Evaluation: Mean Absolute Error on the held‑out test set quantifies the average error per user in USD.
import arviz as az
from sklearn.metrics import mean_absolute_error
# Summarize posterior distributions
az.summary(trace, round_to=2)
# Posterior predictive sampling
with engagement_cost_model:
ppc = pm.sample_posterior_predictive(trace, var_names=["Y_obs"])
# Extract posterior means
α_post = trace.posterior["α"].mean().item()
β_post = trace.posterior["β"].mean(dim=["chain","draw"]).values
# Point predictions on test set
y_pred = α_post + X_test_s.dot(β_post)
# Evaluate mean absolute error
mae = mean_absolute_error(y_test, y_pred)
print(f"Test MAE: ${mae:.2f} per user")
Visualise Predictions & Credible Intervals
By sweeping one key metric (clicks) and holding others fixed, we plot the expected cost curve with its credible band—illustrating both the marginal cost sensitivity and the uncertainty around our estimate.
import numpy as np
import matplotlib.pyplot as plt
# Sweep 'clicks' while holding other metrics at their median
grid = np.median(X_train_s, axis=0)[None,:].repeat(100, axis=0)
clicks_vals = np.linspace(X_train_s[:,1].min(), X_train_s[:,1].max(), 100)
grid[:,1] = clicks_vals
with engagement_cost_model:
ppc_grid = pm.sample_posterior_predictive(trace, var_names=["Y_obs"], samples=1000)
preds = ppc_grid["Y_obs"]
mean_pred = preds.mean(axis=0)
hpd = az.hdi(preds, hdi_prob=0.94)
# Back‑transform 'clicks' to original scale
clicks_orig = scaler.inverse_transform(grid)[:,1]
plt.figure(figsize=(8,5))
plt.plot(clicks_orig, mean_pred, label="Posterior mean")
plt.fill_between(clicks_orig, hpd[:,0], hpd[:,1], alpha=0.3,
label="94% credible interval")
plt.scatter(
scaler.inverse_transform(X_test_s)[:,1],
y_test, color="k", alpha=0.5, label="Test data"
)
plt.xlabel("Number of Clicks")
plt.ylabel("Engagement Cost (USD)")
plt.title("Bayesian Regression: Cost vs.

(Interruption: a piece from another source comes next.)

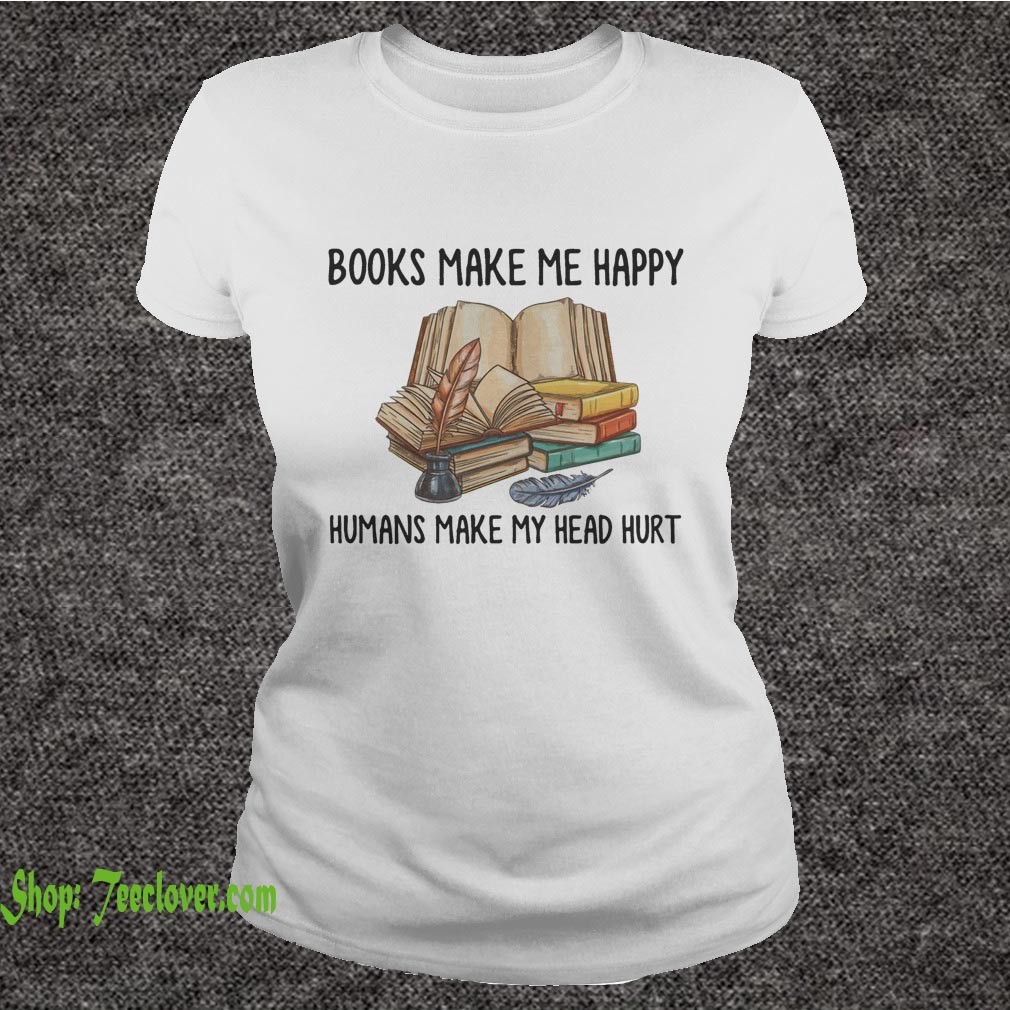 Books Make Me Happy Humans Make My Head Hurt Shirt 5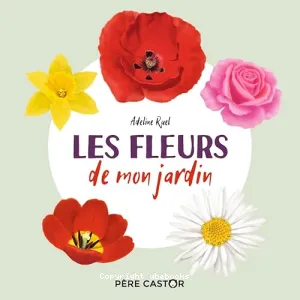 Les fleurs de mon jardin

Clicks")
plt.legend()
plt.tight_layout()
plt.show()
Summary
This Bayesian Regression workflow for Customer Engagement Cost Prediction provides:
- Point estimates of per‑user engagement cost from early engagement metrics.
- Credible intervals that quantify uncertainty from behavioural variability and channel–rate fluctuations.
- Actionable insights: marketing teams can allocate budgets and set campaign targets with explicit cost‑risk bounds—optimising both spend efficiency and customer experience.